_What you need to do_: With nothing added or dropped, copy the data that follows exactly.

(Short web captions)
------------------------
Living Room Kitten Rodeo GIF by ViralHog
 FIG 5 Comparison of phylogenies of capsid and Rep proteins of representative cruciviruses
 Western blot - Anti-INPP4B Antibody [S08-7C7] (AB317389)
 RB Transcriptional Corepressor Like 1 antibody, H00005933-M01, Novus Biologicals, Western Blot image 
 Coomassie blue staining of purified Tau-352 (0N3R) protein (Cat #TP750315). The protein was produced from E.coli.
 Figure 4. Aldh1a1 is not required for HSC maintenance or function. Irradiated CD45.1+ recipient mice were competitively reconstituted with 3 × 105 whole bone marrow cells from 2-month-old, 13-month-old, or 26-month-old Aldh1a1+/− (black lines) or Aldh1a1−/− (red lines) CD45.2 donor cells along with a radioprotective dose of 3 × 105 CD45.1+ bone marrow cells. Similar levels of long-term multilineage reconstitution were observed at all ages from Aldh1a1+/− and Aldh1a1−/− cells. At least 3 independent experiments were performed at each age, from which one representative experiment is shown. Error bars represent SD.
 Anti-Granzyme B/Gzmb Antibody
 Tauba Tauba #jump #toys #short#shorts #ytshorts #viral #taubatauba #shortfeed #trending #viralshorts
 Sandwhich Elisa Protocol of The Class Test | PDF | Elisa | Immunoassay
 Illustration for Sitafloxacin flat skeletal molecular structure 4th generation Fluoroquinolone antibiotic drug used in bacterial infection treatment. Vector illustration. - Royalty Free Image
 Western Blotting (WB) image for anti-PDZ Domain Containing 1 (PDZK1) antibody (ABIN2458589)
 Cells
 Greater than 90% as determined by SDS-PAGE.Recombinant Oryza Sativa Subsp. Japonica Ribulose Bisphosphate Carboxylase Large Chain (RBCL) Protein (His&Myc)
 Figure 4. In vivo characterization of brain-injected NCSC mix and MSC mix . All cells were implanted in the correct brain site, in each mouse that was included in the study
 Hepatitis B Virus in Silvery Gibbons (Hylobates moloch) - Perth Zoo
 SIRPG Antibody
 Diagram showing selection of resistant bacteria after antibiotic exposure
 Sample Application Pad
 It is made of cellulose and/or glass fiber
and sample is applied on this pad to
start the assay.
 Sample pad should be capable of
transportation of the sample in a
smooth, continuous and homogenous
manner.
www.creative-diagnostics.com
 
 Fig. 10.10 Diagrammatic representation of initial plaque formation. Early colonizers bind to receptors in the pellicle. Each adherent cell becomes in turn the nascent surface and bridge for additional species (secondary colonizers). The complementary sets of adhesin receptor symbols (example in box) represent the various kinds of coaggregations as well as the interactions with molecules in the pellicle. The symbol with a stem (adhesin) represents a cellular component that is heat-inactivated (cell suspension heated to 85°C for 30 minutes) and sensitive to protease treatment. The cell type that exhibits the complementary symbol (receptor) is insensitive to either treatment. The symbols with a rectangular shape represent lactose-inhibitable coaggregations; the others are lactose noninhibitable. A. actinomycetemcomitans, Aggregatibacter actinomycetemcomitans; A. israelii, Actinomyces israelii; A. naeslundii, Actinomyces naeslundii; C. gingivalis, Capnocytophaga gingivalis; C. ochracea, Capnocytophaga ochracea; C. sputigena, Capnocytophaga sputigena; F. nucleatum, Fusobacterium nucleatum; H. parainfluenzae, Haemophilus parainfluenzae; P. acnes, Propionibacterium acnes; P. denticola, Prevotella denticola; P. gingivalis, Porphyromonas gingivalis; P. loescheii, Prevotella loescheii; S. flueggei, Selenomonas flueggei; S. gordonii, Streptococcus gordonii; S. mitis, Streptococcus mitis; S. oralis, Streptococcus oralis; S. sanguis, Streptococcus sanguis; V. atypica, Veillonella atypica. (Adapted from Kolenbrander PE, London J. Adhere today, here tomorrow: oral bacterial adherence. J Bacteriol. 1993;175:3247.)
------------------------
_Exercise response_:
Living Room Kitten Rodeo GIF by ViralHog
 FIG 5 Comparison of phylogenies of capsid and Rep proteins of representative cruciviruses
 Western blot - Anti-INPP4B Antibody [S08-7C7] (AB317389)
 RB Transcriptional Corepressor Like 1 antibody, H00005933-M01, Novus Biologicals, Western Blot image 
 Coomassie blue staining of purified Tau-352 (0N3R) protein (Cat #TP750315). The protein was produced from E.coli.
 Figure 4. Aldh1a1 is not required for HSC maintenance or function. Irradiated CD45.1+ recipient mice were competitively reconstituted with 3 × 105 whole bone marrow cells from 2-month-old, 13-month-old, or 26-month-old Aldh1a1+/− (black lines) or Aldh1a1−/− (red lines) CD45.2 donor cells along with a radioprotective dose of 3 × 105 CD45.1+ bone marrow cells. Similar levels of long-term multilineage reconstitution were observed at all ages from Aldh1a1+/− and Aldh1a1−/− cells. At least 3 independent experiments were performed at each age, from which one representative experiment is shown. Error bars represent SD.
 Anti-Granzyme B/Gzmb Antibody
 Tauba Tauba #jump #toys #short#shorts #ytshorts #viral #taubatauba #shortfeed #trending #viralshorts
 Sandwhich Elisa Protocol of The Class Test | PDF | Elisa | Immunoassay
 Illustration for Sitafloxacin flat skeletal molecular structure 4th generation Fluoroquinolone antibiotic drug used in bacterial infection treatment. Vector illustration. - Royalty Free Image
 Western Blotting (WB) image for anti-PDZ Domain Containing 1 (PDZK1) antibody (ABIN2458589)
 Cells
 Greater than 90% as determined by SDS-PAGE.Recombinant Oryza Sativa Subsp. Japonica Ribulose Bisphosphate Carboxylase Large Chain (RBCL) Protein (His&Myc)
 Figure 4. In vivo characterization of brain-injected NCSC mix and MSC mix . All cells were implanted in the correct brain site, in each mouse that was included in the study
 Hepatitis B Virus in Silvery Gibbons (Hylobates moloch) - Perth Zoo
 SIRPG Antibody
 Diagram showing selection of resistant bacteria after antibiotic exposure
 Sample Application Pad
 It is made of cellulose and/or glass fiber
and sample is applied on this pad to
start the assay.
 Sample pad should be capable of
transportation of the sample in a
smooth, continuous and homogenous
manner.
www.creative-diagnostics.com
 
 Fig. 10.10 Diagrammatic representation of initial plaque formation. Early colonizers bind to receptors in the pellicle. Each adherent cell becomes in turn the nascent surface and bridge for additional species (secondary colonizers). The complementary sets of adhesin receptor symbols (example in box) represent the various kinds of coaggregations as well as the interactions with molecules in the pellicle. The symbol with a stem (adhesin) represents a cellular component that is heat-inactivated (cell suspension heated to 85°C for 30 minutes) and sensitive to protease treatment. The cell type that exhibits the complementary symbol (receptor) is insensitive to either treatment. The symbols with a rectangular shape represent lactose-inhibitable coaggregations; the others are lactose noninhibitable. A. actinomycetemcomitans, Aggregatibacter actinomycetemcomitans; A. israelii, Actinomyces israelii; A. naeslundii, Actinomyces naeslundii; C. gingivalis, Capnocytophaga gingivalis; C. ochracea, Capnocytophaga ochracea; C. sputigena, Capnocytophaga sputigena; F. nucleatum, Fusobacterium nucleatum; H. parainfluenzae, Haemophilus parainfluenzae; P. acnes, Propionibacterium acnes; P. denticola, Prevotella denticola; P. gingivalis, Porphyromonas gingivalis; P. loescheii, Prevotella loescheii; S. flueggei, Selenomonas flueggei; S. gordonii, Streptococcus gordonii; S. mitis, Streptococcus mitis; S. oralis, Streptococcus oralis; S. sanguis, Streptococcus sanguis; V. atypica, Veillonella atypica. (Adapted from Kolenbrander PE, London J. Adhere today, here tomorrow: oral bacterial adherence. J Bacteriol. 1993;175:3247.)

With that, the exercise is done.